Mad Max-Schöpfer George Miller gehört zu den facettenreichsten Filmemachern aller Zeiten. Sein neuster Streich «Three Thousand Years of Longing», den er am Cannes-Filmfestival vorstellte, ist der pure Gegensatz zu seinem spektakulären Vorgängerwerk «Mad Max: Fury Road».
Die Voraussetzungen für ein potenzielles Meisterwerk könnten sich kaum vielversprechender anhören: Der etwas durchgeknallte, vielseitige und mutige Regisseur George Miller engagiert mit Tilda Swinton und Idris Elba zwei der gefragtesten und talentiertesten Schauspieler für eine Fantasy-Romanze!
Was sich auf dem Papier wie das Rezept für eine filmische Delikatesse liest, funktioniert leider nicht ganz so geschmeidig wie erwartet. Dennoch hat der Film seinen Charme und enthält einige glanzvolle Momente.
Tilda Swinton spielt die englische Literaturprofessorin Alithea, welche nach Istanbul reist und dort einen Vortrag über Mythologie hält. Beim Spaziergang durch die Stadt entdeckt sie in einem Antikwarengeschäft einen kleinen blauen Kelch aus Porzellan, der sie auf Anhieb fasziniert.
Was soll man sich wünschen?
Zurück im Hotel begutachtet sie den Gegenstand sorgfältig, worauf dem Kelch plötzlich ein riesiges, übernatürliches Wesen entweicht. Als sich die wundersame Gestalt auf Menschengrösse herunterschrumpft und Alithea sich beruhigt, stellt sie sich ihr als Dschinn vor. Der von Idris Elba verkörperte Flaschengeist bittet sie, ihm drei Wünsche zu offenbaren. Doch Alithea weiss in dem Moment überhaupt nicht, was ihrem Leben fehlt und was ihr dienen sollte.
Daher fordert sie den Dschinn auf, ihr seine Geschichte zu erzählen.
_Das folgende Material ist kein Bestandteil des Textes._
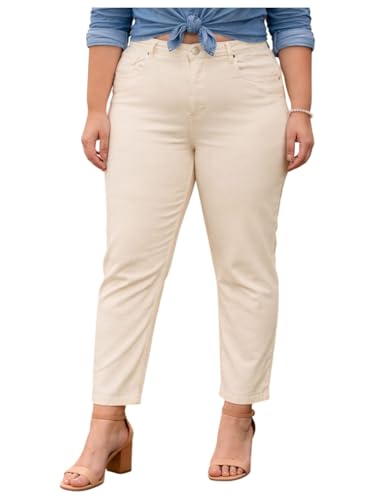Image of Style Quotient Women Plus Size Black Wide Leg High Rise Stretchable Jeans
Er nimmt sie mit auf eine fabelhafte Entdeckungsreise, welche zurück in die Antike zu Königin Saba und König Salomon, ins Osmanische Reich und ins moderne London führt.
Millers neuer Film könnte kaum unterschiedlicher sein zu seinem erfolgreichen Vorgänger «Mad Max: Fury Road»: Auf das furiose, temporeiche Actionspektakel folgt ein dialoglastiges, feinfühliges und romantisches Märchen.
Typisch George Miller
Jene Eigenschaften, die Miller besonders auszeichnen, lassen sich aber unweigerlich auch in seinem neusten Werk ausmachen: Fantasie, Mut und Extravaganz. Er hat zweifellos einen höchst ausgeprägten Sinn für Ausgefallenes.
Dies spiegelt sich sowohl in der Erzählweise als auch in der visuellen Umsetzung wider. Swinton und Elba harmonieren wunderbar in ihren anspruchsvollen Rollen und verleihen ihren Figuren die nötige Authentizität in der märchenhaften Erzählung. Ohne deren passionierte und engagierte Interpretation hätte ein solcher Film einen schwierigen Stand.
Ist der Film zu kompliziert?
Denn Miller packt unheimlich viele Themen in seine Erzählung und erschwert dem Film damit, den Fokus auf die Haupthandlung richtig zu legen. Es werden philosophische Fragen aufgeworfen – Fragen nach Selbstverwirklichung und menschlichen Bedürfnissen. Mythologie und Wissenschaft nehmen eine zentrale Rolle ein.
Zudem behandelt der Film die Bedeutung des Geschichtenerzählens an sich und ist auf gewisse Weise selbstreferentiell. Es sind zahlreiche spannende Ansätze und Gedankengänge enthalten, jedoch wirkt das Endprodukt so etwas gar komplex.
Eine Liebesgeschichte, die eine Zeitreise bis in die Antike beinhaltet, hört sich schliesslich schon kompliziert genug an.
Schweizer Kino-Start von «Three Thousand Years of Longing» ist der 25. August 2022.